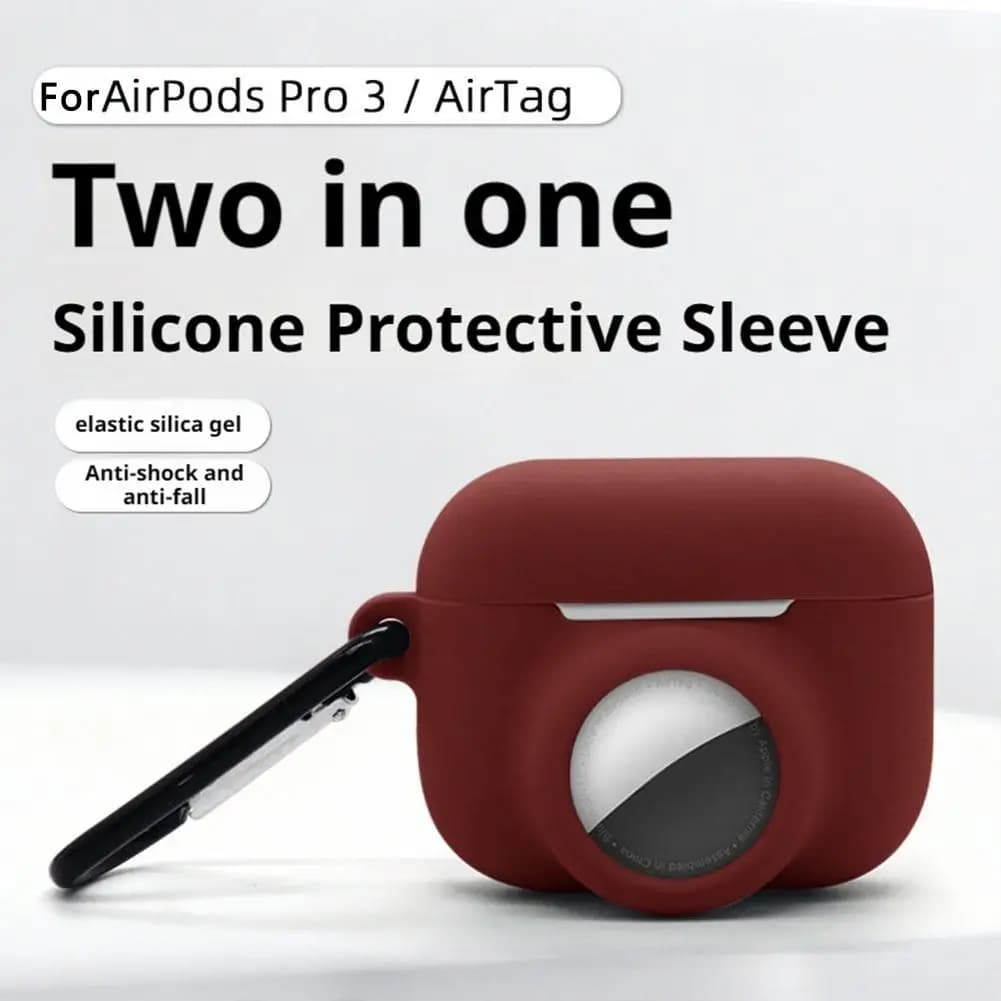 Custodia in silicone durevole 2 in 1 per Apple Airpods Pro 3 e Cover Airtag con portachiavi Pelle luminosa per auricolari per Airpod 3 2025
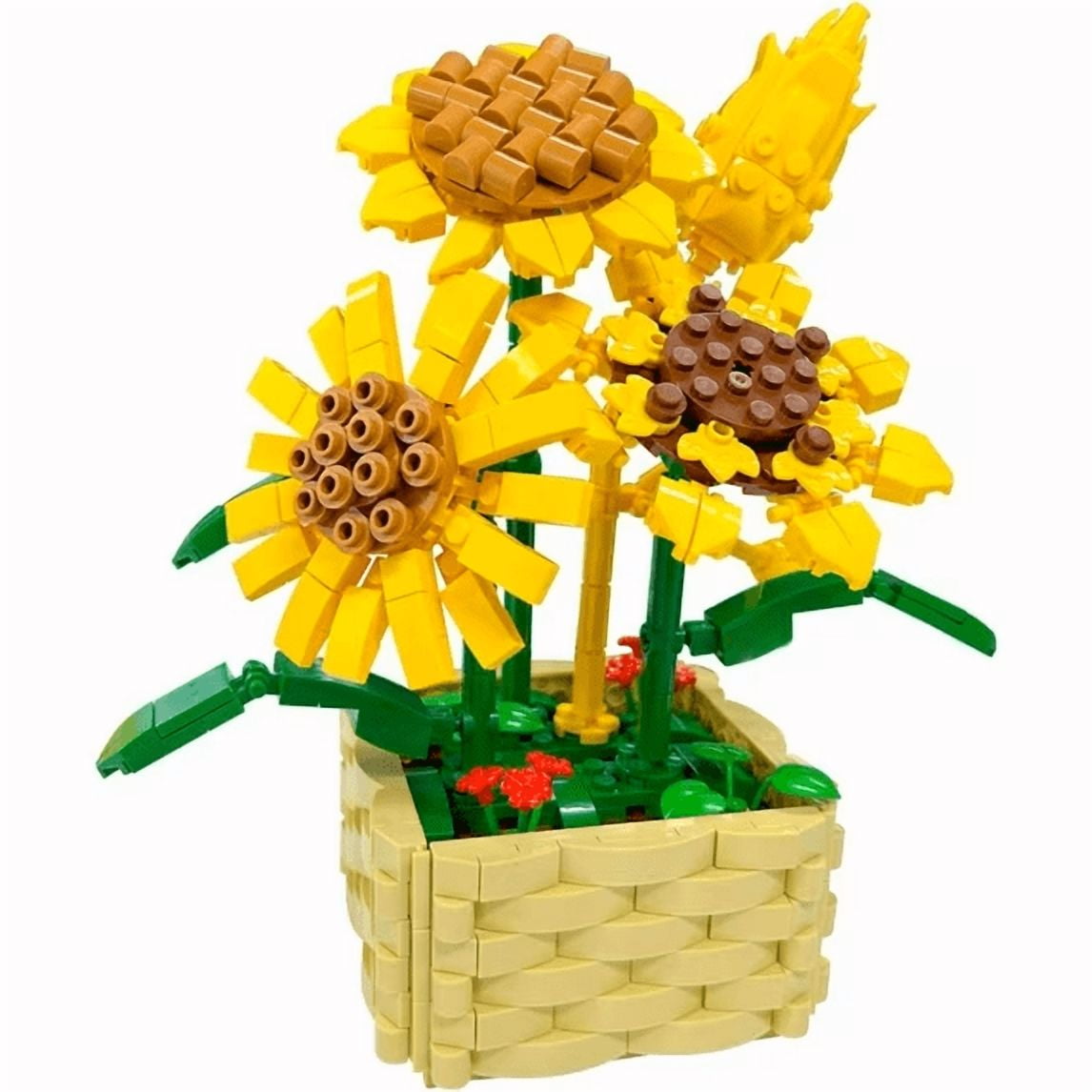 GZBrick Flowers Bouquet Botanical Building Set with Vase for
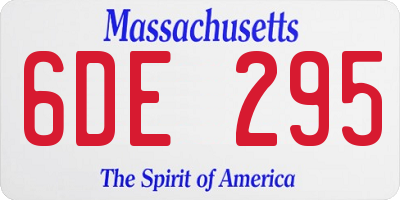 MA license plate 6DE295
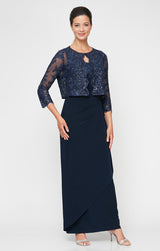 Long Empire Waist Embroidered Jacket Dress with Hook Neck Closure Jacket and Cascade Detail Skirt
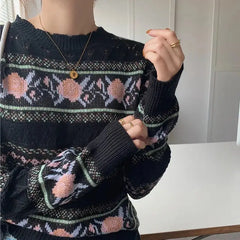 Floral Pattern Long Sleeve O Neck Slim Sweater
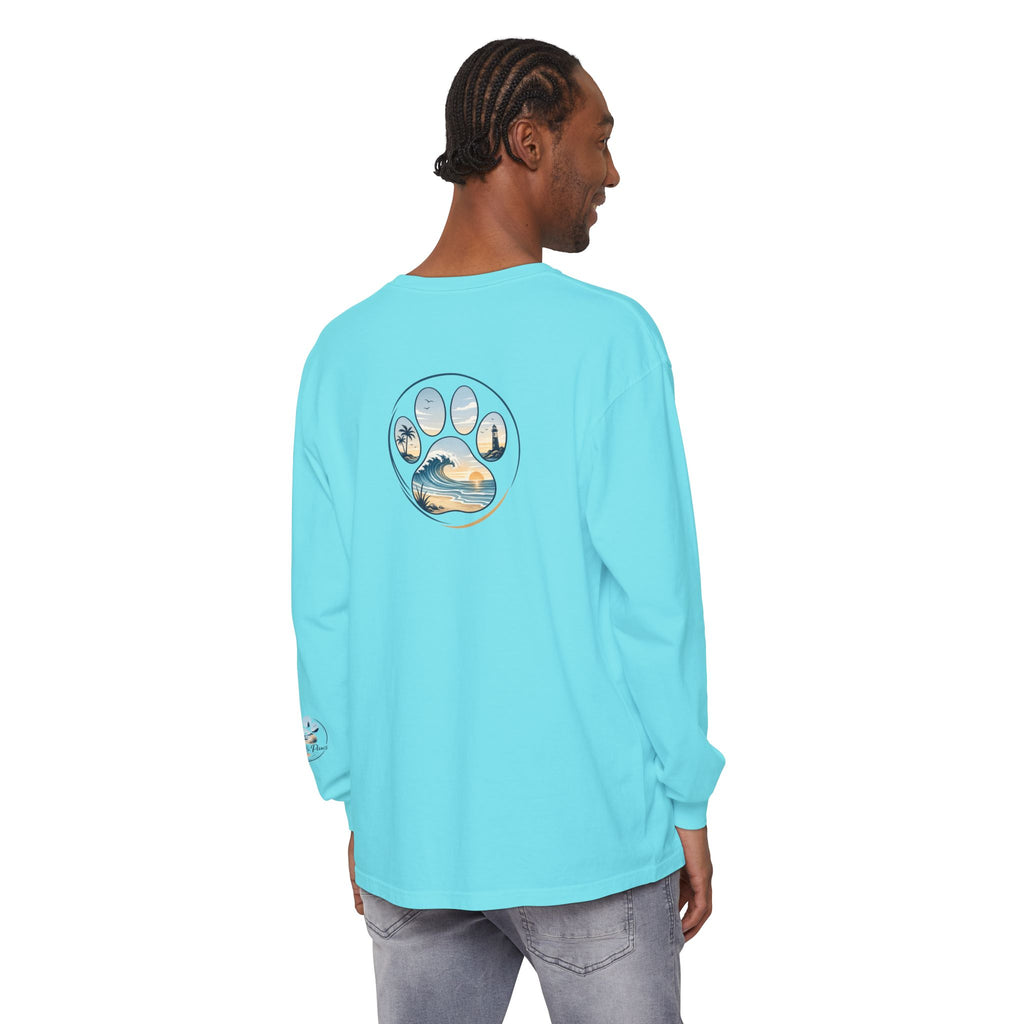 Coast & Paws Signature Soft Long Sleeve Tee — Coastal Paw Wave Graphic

- [Description of the task]:
Write out exactly the lines from the one containing "GZBrick Flowers Bouquet" through the end of the entries, both included. Pictures are not copied.

- [Your solution]:
 GZBrick Flowers Bouquet Botanical Building Set with Vase for
 MA license plate 6DE295
 Long Empire Waist Embroidered Jacket Dress with Hook Neck Closure Jacket and Cascade Detail Skirt
 Floral Pattern Long Sleeve O Neck Slim Sweater
 Coast & Paws Signature Soft Long Sleeve Tee — Coastal Paw Wave Graphic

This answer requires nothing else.